Не вспыхивали ли перекрестки нынешних военных дорог ночь за ночью под знаком Эроса, освобожденного? Там щеголяла длинными рядами готовая женственность, лотосы асфальта. Брюссель! Жизнь, вспененная тысячей корабельных винтов. Как огромен был размах жизни и, все же, каким страшно механическим был он при этом – как сама война. Тут могла выдержать только стальная особенность, чтобы суметь не сточиться в вихре. Чистой функцией были эти привычные к любви тела, которые опьяняюще покачивались в приглашении, были увешены своими платьями как светящимися плакатами. Однажды я на долгое время прислонился к фонарю и снова и снова пил одну и ту же картину, которая повторялась, как однообразный удар волн на пляже. Снова и снова. Даже не было языка, который обычно служит для того же, что и скатерть, нож и вилка, призванные смягчить звериное в трапезе.
Из темных углов старых городских кварталов тлели красные глаза фонарей, соблазн к поспешному получению своей горсти наслаждения. Во внутренней части неприметных домов сверкали зеркала, текущий свет тонул в тяжести красного бархата. Это был пьяный смех, если металлическая хватка тонула в белом мясе. Воин и девочка, старый мотив.
Что происходило в деревнях, бесчисленно опоясывавших ужас? Мертвые они лежали в темноте, когда маршировали через них, только штык часового мерцал на рынке. И, все же, чужая раса неизгладимо зарывалась в чужую землю.
Когда красная жизнь волнами бьется о черные рифы смерти, ярко выраженные цвета совмещаются в резких изображениях. Это – мы живем посреди них – эпохи открытия, освобождения, не расположенные ни к какой тонкости, нежности и лирике. Всюду откатывающаяся назад жизнь сжимается к варварскому изобилию и мощности, не в последнюю очередь в любви и в искусстве. Это не время, чтобы читать о слезящихся глазах Вертера.
Иногда определенно – не являемся ли мы призмой, в которой преломляются все цвета? Кто хотел бы свести их к одной формуле? – более теплое мерцание затлело даже на краю сражения техники. Оно дрожало, вероятно, через растрескавшиеся ставни первого населенного домика над холодным ужасом ночи как ищущая рука дозора чувства. Там два человека лежали друг у друга в деревенской комнатушке под грубыми полотнами и на короткие часы чувствовали себя безопасно у грани уничтожения, наверняка, столь же безопасно как две молодые птицы на верхушке дерева, когда ночные леса со скрипом колышутся в штормовом ветре. Вероятно, студент и пикардийская крестьянская девушка, брошенные друг к другу на каком-то утесе войны. Теперь они были полностью одним ощущением, два сердцами сплавлялись друг с другом в ледяном мире. В то время как маленькое стекло содрогалось в такт молота близкого фронта, две губы ласкали ухо мужчины, настойчиво стараясь влить в него всю мелодию иностранного языка. Там эта минута хотела бы зажечь в нем представление о душе ее страны, светлее, чем мудрость всех книг и всех университетов раньше. Ведь что значит такое понимание мозга в сравнении с пониманием сердца?

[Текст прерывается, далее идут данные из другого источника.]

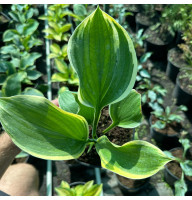 Хоста Liberty 2 л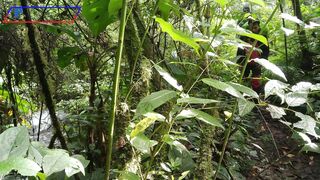 The Natural Hiking Trail of Mount Patah
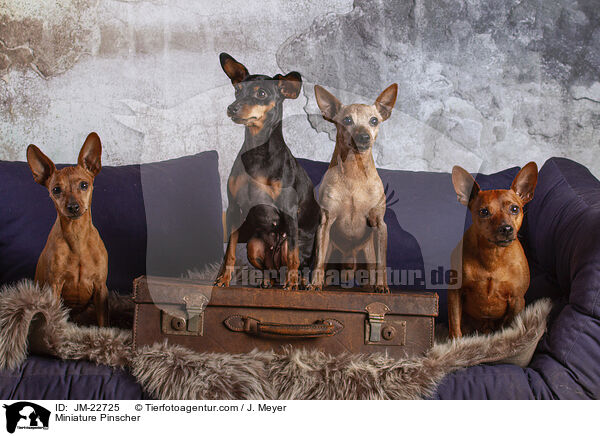 Miniature Pinscher / JM-22725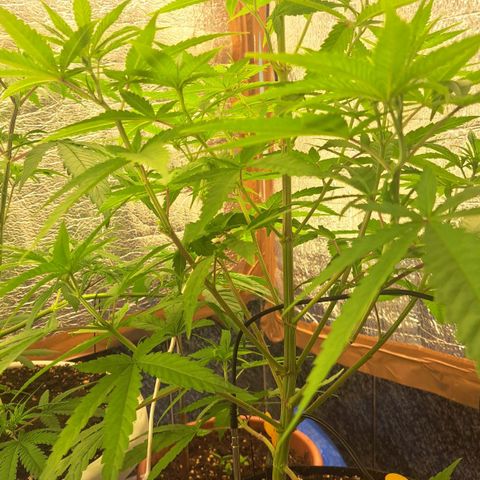 Sideral x Zombie Kush growlog timeline photo
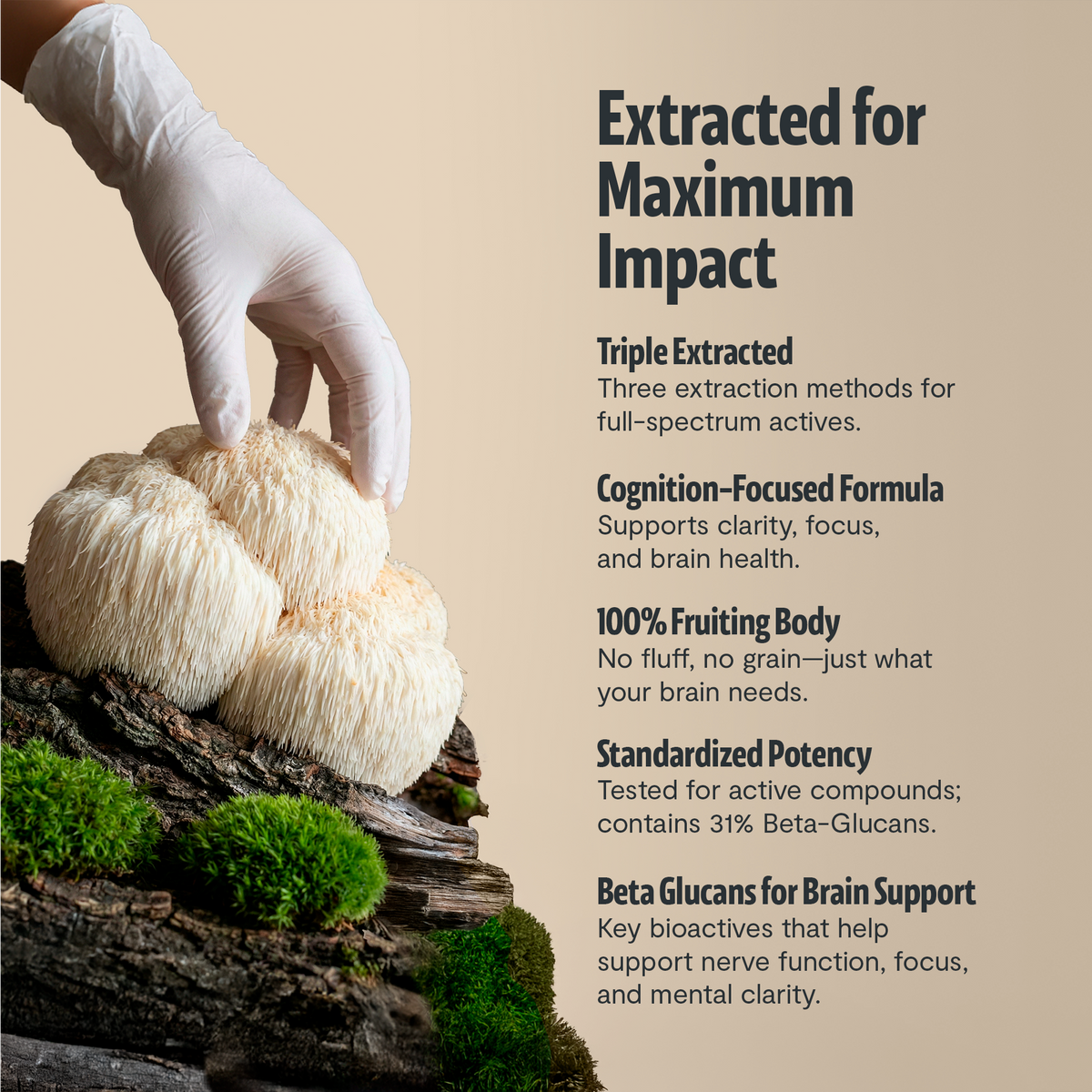 Organic Lion’s Mane Capsules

Такая ночь была искуплением, освобождением, пусть даже утро было бы разбито ревущим огнем. Кто-то маршировал, пожалуй, в рядах старых ландскнехтов с блестящими глазами и легким шагом. Если даже его сердце не окапывалось за своенравными песнями и жесткими шутками, то, все же, оно содрогалось слегка меньше при ужасном ливне, как их сердца. Он ровно стоял под градом снарядов, еще с дымкой поцелуев в волосах. Смерть приближалась как друг, зрелый хлеб падал под серпом.